▶ _Instructions to follow_:
Copy out the full listing below as it stands, with its pictures left behind.

▶ _Available data_:
━━━━━━━━━━━━━━━━

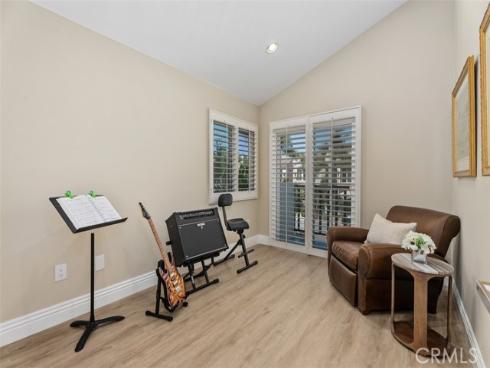 610 21st Street , Huntington Beach, CA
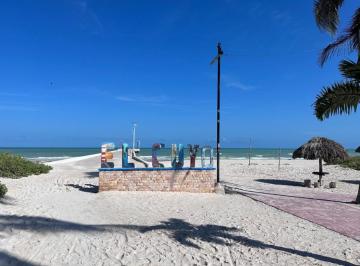 Terreno / Lote · 300m² · En Venta Terrenos en Puerto El Cuyo Yucatan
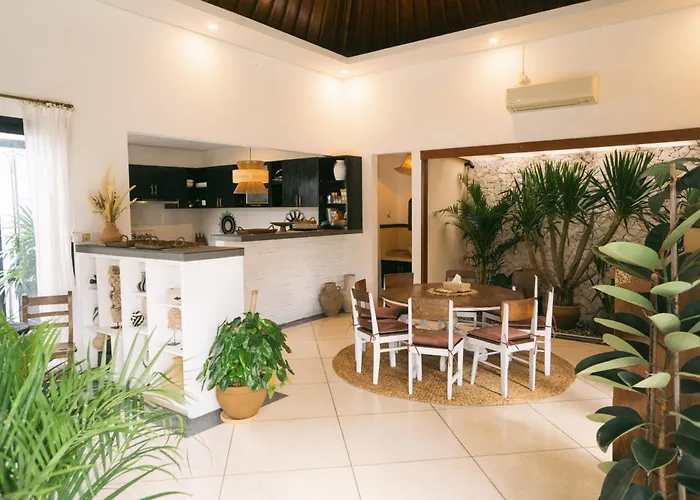 Splendid 3 Bedroom With Large Pool And Garden 别墅 *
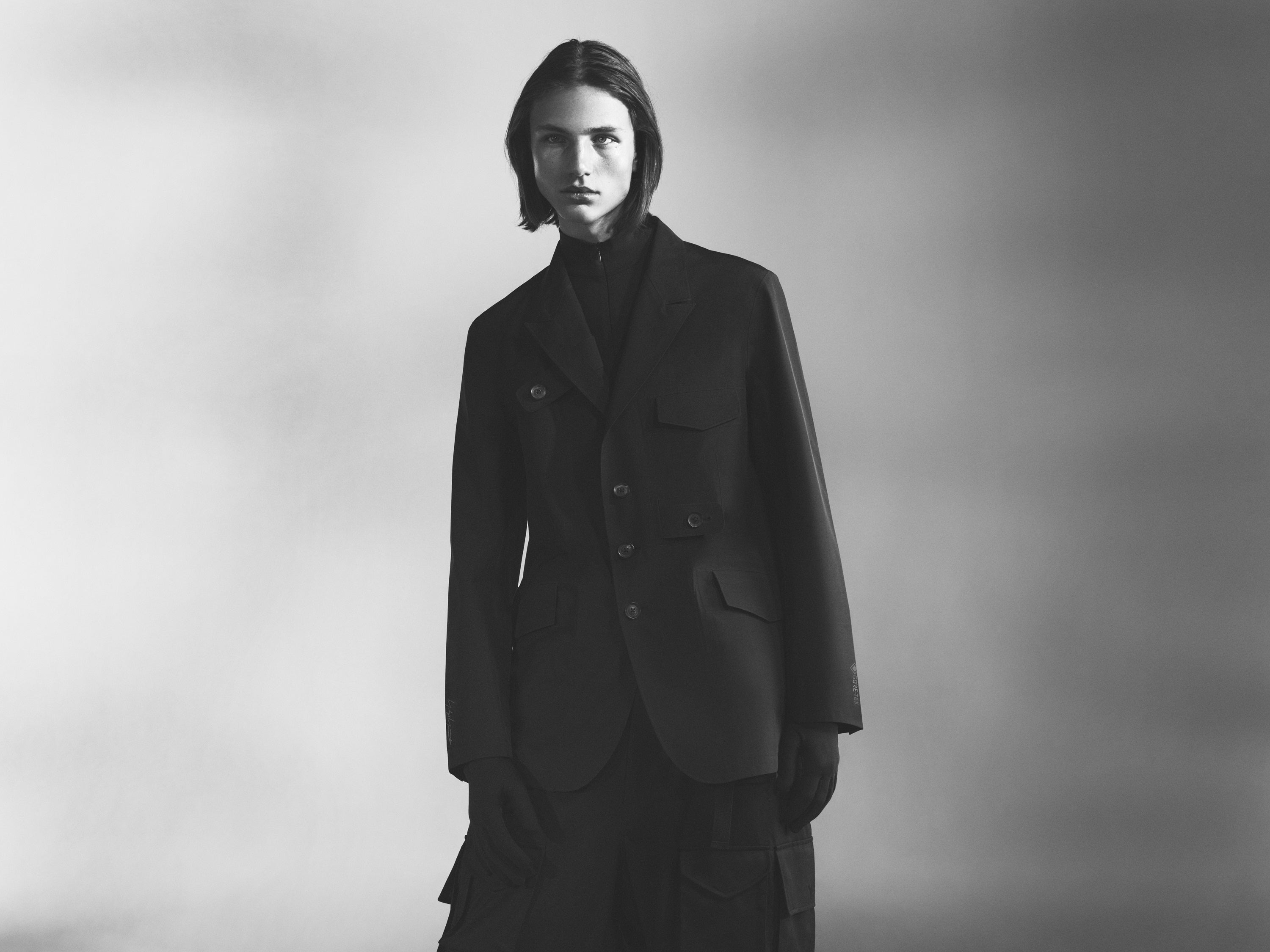 株式会社ヨウジヤマモトより「Y-3 Atelier Gore-Texコレクション」を3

━━━━━━━━━━━━━━━━

▶ _Result of this exercise_:
 610 21st Street , Huntington Beach, CA
 Terreno / Lote · 300m² · En Venta Terrenos en Puerto El Cuyo Yucatan
 Splendid 3 Bedroom With Large Pool And Garden 别墅 *
 株式会社ヨウジヤマモトより「Y-3 Atelier Gore-Texコレクション」を3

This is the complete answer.